379 S.E.2d 528 | Ga. Ct. App. | 1989

Pope, Judge.

Appellant-landlord brought a dispossessory action against appellee-tenant for nonpayment of rent. Appellee counterclaimed for actual and exemplary damages based on the appellant’s failure to repair and maintain the premises in which she and her two small children resided. A jury trial resulted in a verdict awarding appellee $1,346 nominal damages and $5,000 punitive damages. Held:

1. Appellant first challenges appellee’s right to recover punitive damages, arguing, inter alia, that a mere breach of his contractual and statutory duty to repair would not authorize punitive damages. “While this principle is sound, we do not agree with [appellant’s] characterization of [his] actions here as a mere breach of [his] duty to repair.” Crow v. Evans, 183 Ga. App. 581, 583 (359 SE2d 446) (1987). The evidence adduced at trial showed that appellee made repeated and numerous complaints, both written and verbal, concerning the condition of her premises, and that she threatened to, and in fact did, withhold rent on several occasions in an attempt to force the appellant to take action on her requests. Specifically, the record shows that appellee informed appellant of leaks in her bathroom sink, which re-*710suited in a fungus she was unable to eradicate, leaks in her ceiling, a loose fitting door and doorknob on her front door and a severe roach infestation problem. Appellee further testified that her children had suffered physical harm because of these unsanitary conditions and that her apartment had been burglarized with entry being gained through the unsecure front door. The record also shows that appellant was aware of problems in contiguous apartments.

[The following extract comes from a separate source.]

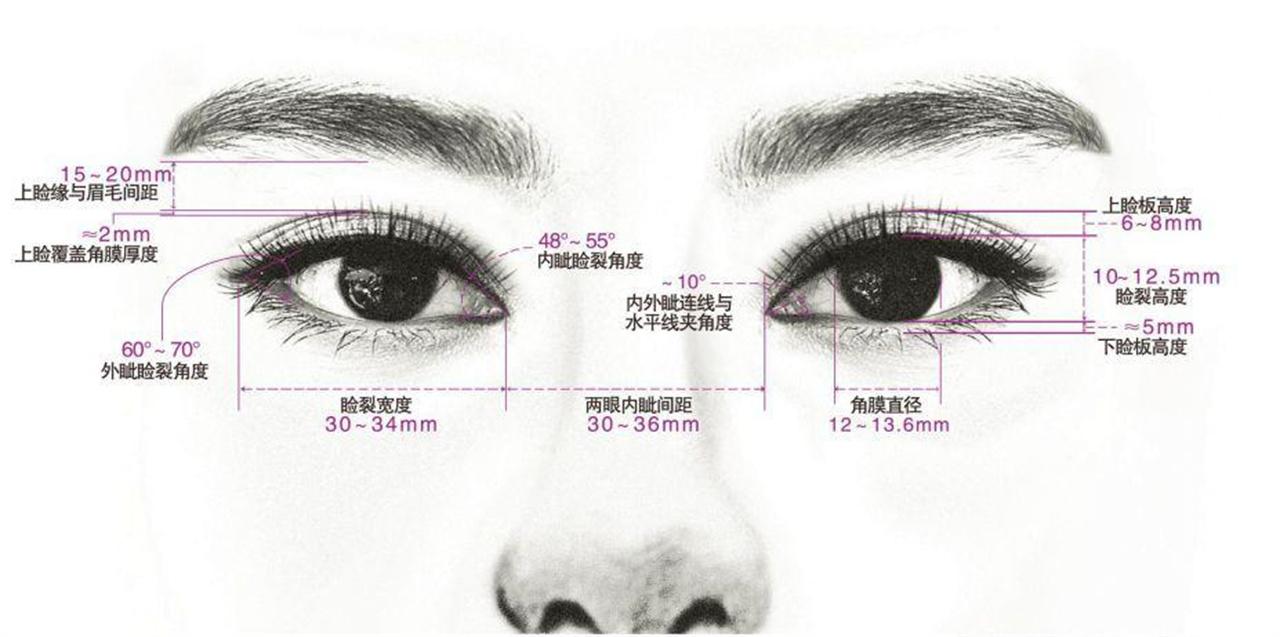 范芳医生谈东方女性眼部美学标准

Decided February 7, 1989 Rehearing denied March 13, 1989 Germano & Kimmey, J. Steven Cheatwood, for appellant. Donald M. Coleman, for appellee.

“ ‘To authorize the imposition of punitive or exemplary damages there must be evidence of wilful misconduct, malice, fraud, wantonness, or oppression, or that entire want of care which would raise the presumption of a conscious indifference to consequences.’ [Cits.]” Ponce de Leon Condominiums v. DiGirolamo, 238 Ga. 188, 189 (232 SE2d 62) (1977). “[The] evidence [presented in the case at bar] was sufficient to authorize the jury to find that [appellant’s] inaction evinced a reckless disregard for or a conscious indifference to consequences, . . . thus constituting aggravating circumstances which permit the award of additional damages under the provisions of OCGA § 51-12-5.” Crow, supra at 583. Consequently, this enumeration affords no basis for reversal. See also Field Developers v. Johnson, 160 Ga. App. 180 (2) (289 SE2d 321) (1981).

2. We have examined appellant’s remaining enumerations of error and find them to be without merit.

Judgment affirmed.

McMurray, P. J., and Benham, J., concur.